Serious traffic-induced damage is caused by conventional tillage involving multi-traffic tillage operations and when machines of small working width are used (the area affected by traffic may be as large as 1.5 hectares per hectare). Damage is aggravated by the different working widths of the machines used, since different routes will be trodden during the various phases of the tillage schedule and some parts of a field come under damaging loads more than once.

Prevention and alleviation of traffic-induced damage:

• The most important preventive task is to ensure avoidance of traffic on wet soil, restricting machinery running and regulation of traffic within fields.

• The available technical solutions include using running gears that cause little damage to the soil (on tractors and tillage implements as well as on transport vehicles), reducing specific soil pressure (applying flotation tyres, dual wheels, tracked running gears). These options are discussed in chapter 3.

• Deeper compaction can be remedied by mid-deep loosening.

1.3. Some practical aspects of factors affecting soil compaction

As a consequence of direct and indirect damage types soil compaction is a risk factor in regard to both crop production and to environment protection. Six important factors should be taken into account in assessing this risk: two natural factors (soil, precipitation) and four farming factors (land use, tillage, mechanisation and irrigation). Depending on their impacts on compaction these factors are be assigned to 3 categories each (Table 1.4) In view of these factors it is possible to assess the risk, on the basis of which the necessary preventive and remedial actions can be determined.

a) Natural factors (these may be influenced to some extent, e.g. susceptible soil bearing capacity can be improved by regular organic matter input, in the case of ample precipitation surface water stagnation may be avoided by keeping the soil adequately loose).

Soil is susceptible to compaction to varying degrees, depending on physical soil type, structure and moisture content. Soil bearing capacity also varies. Soils are categorised according to their natural characteristics, their resistance to compacting forces and the duration of the effects of tillage as follows:

• Susceptible (settleability and compactability is strong when the soil is humid or wet, the impacts of loosening do not last long, they rarely exceed one growing season).

• Moderately susceptible (settleability and compactability is moderate when the soil is humid or wet, the impacts of loosening last a medium length of time: usually 1-3 growing seasons).

• No or low susceptibility (settleability and compactability is low regardless of the moisture content and the impacts of loosening last for some 2-4 growing seasons).

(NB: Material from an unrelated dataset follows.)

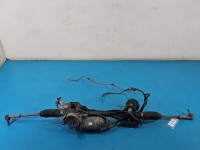 Przekładnia kierownicza maglownica Vw Golf VII 5Q1423051AS, 7817974394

Precipitation. Soil is compacted during the cropping and the tillage seasons both, depending on its moisture content and on field traffic. Soaked soil is compacted easily and to a greater depth.

During a period of average precipitation there is a lower risk of compacting and even that can be prevented. In drier seasons there is a lower risk of compacting. Rainfall during the harvesting and the tillage period should be regarded as follows:

• Abundant (rainfall exceeds the multiyear average by at least 50 %: in this case there is a high risk of soil compaction appearing or aggravating).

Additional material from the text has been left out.